By Robert Kress RPh, Functional Pharmacy

Stress, Inflammation, Immunity

The immune system is an intricate network consisting of processes, systems, cells, tissues, and organs that work together to defend the body against attacks by “foreign” invaders.

Where the immune system has many individual components, such as passive, innate, and adaptive immunity, there is a direct correlation from outside influences of how efficient the immune system can or cannot work.

Stress has both benefits and downfalls. Stress is an adaptive energy needed for growth and strengthening. We have evolved through the fight or flight response, which provides the physical energy and mental focus to remove us from dangerous situations (Segerstrom, 2006).

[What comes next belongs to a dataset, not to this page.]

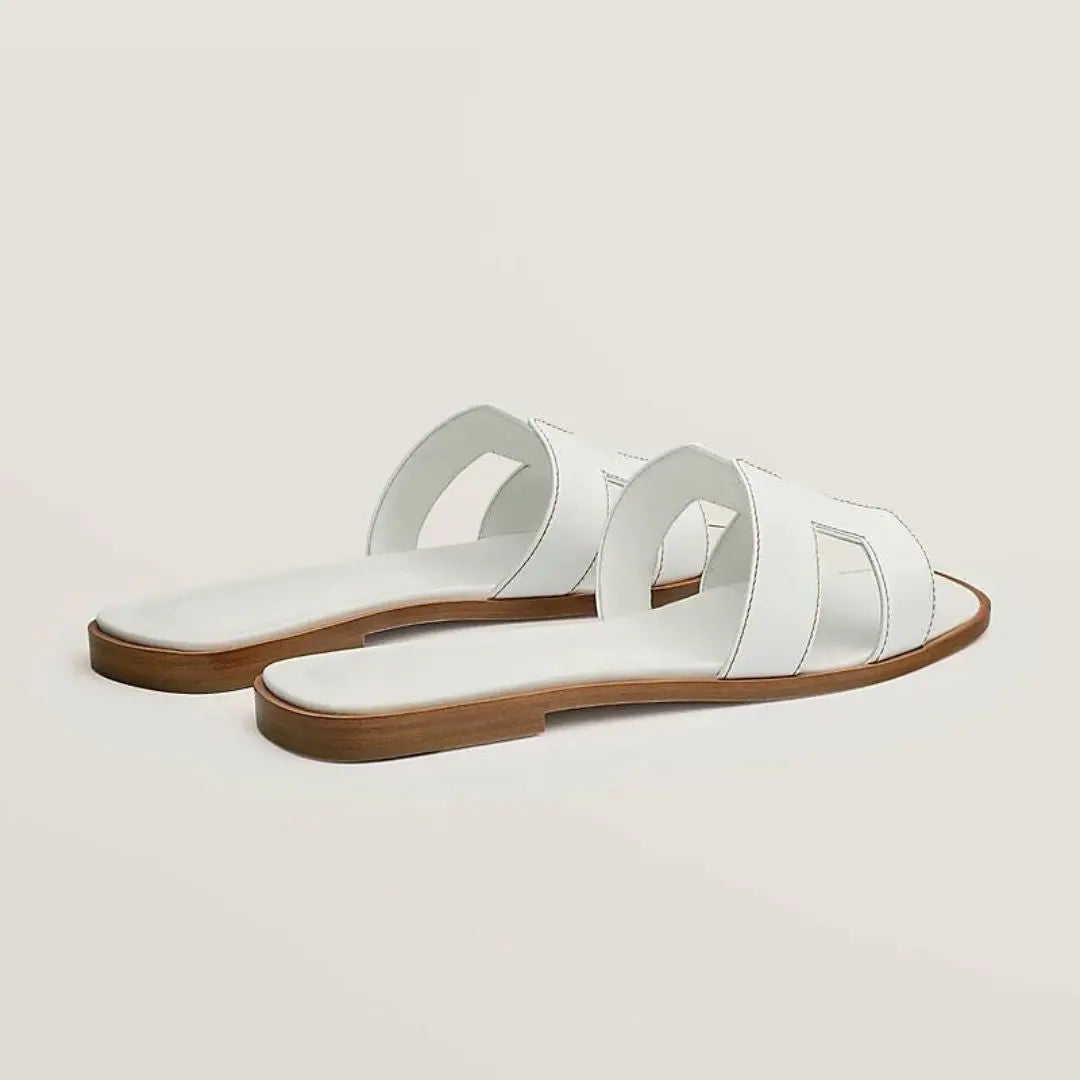 Leather Flat Sandals with Cut Out Strap BULLCAPTAIN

Examples of good stress include physical stress on muscles or the vasculature system to further strengthen, alertness as a psychological stress needed to take an exam, or pay attention driving during bad weather. (Cleveland Clinic, 2017)

When stress becomes chronic and mismanaged it is a detriment to our health and well-being.

Examples of unhealthy stress include inadequate recovery from physical, mental and emotional stress of any kind. This could be related to exercise, constant worrying and repetitive thoughts of a negative nature, and even emotions such as depression and anxiety (Cleveland Clinic, 2017).

Prolonged stress leads to hyper physiological levels of cortisol. This alters the effectiveness of cortisol to regulate both the inflammatory and immune response because it decreases tissue sensitivity to cortisol (Segerstrom, 2006).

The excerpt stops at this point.